J.S. - Why did you end the concert with a military salute, why do you do this after each concert you give?
L.C. - Because I don't consider myself a civilian. I consider myself a soldier, and that's the way soldiers salute.
J.S. - But...a soldier? On which side? In what sense?
L.C. - I will leave that to your imaginacion. I am a soldier. That's all. I don't want to speak of wars or sides.
J.S. - Nonetheless, "Lover, Lover, Lover" is dedicated to your "brothers" in the Arab-Israeli war, and besides, you were there, singing for them. This indicates you're taking a side, and in a way, fighting for it.
L.C. - Personal process is one thing, it's blood, it's the identification one feels with their roots and their origins.
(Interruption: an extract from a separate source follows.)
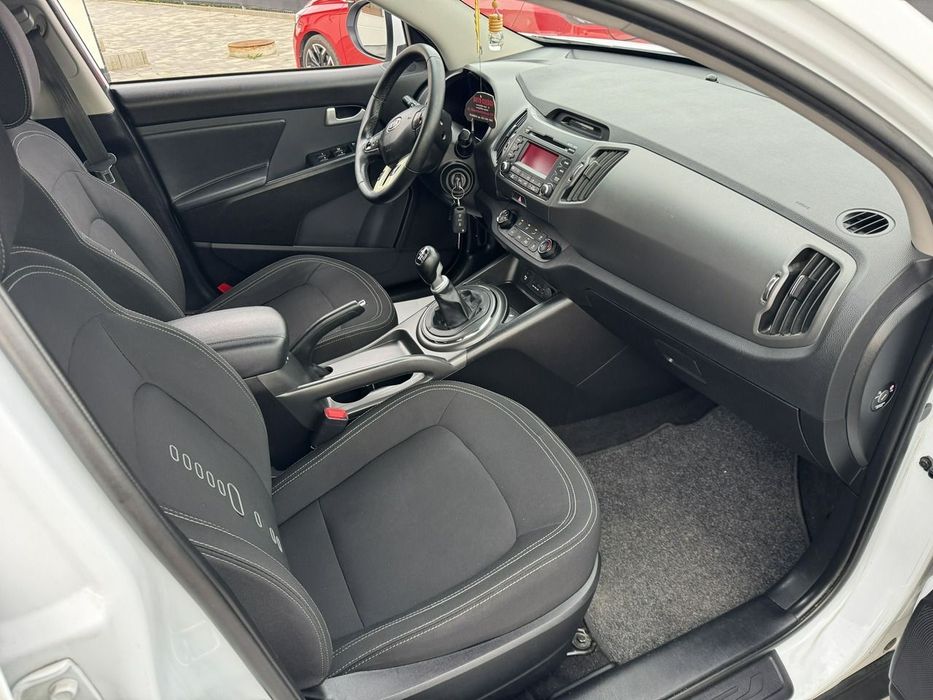 Kia Sportage Kia Sportage 1,6 benzyna 10 lat w jednych rękach Zadbany Ładny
The militarism I practice as a person and a writer is another thing.
J.S. - But you worry about war, and for that reason it would be logical that you would be concerned about both sides.
L.C. - I don't want to talk about war.
J.S. - Do you feel commercialized when a million copies of your albums are sold?
L.C. - That isn't the problem, that feeling doesn't happen at the time a million albums are sold, it happens afterwards, when I accept the fact that my songs are being recorded and entered into the commercial games. I feel neither guilty nor happy, but I could add that the system uses me as much as I use it, so we would have to speak in terms of collaboration. What concerns me is reaching the people, so I have to submit to the rules of the game, because this system is the only means I have, to do what I have to do.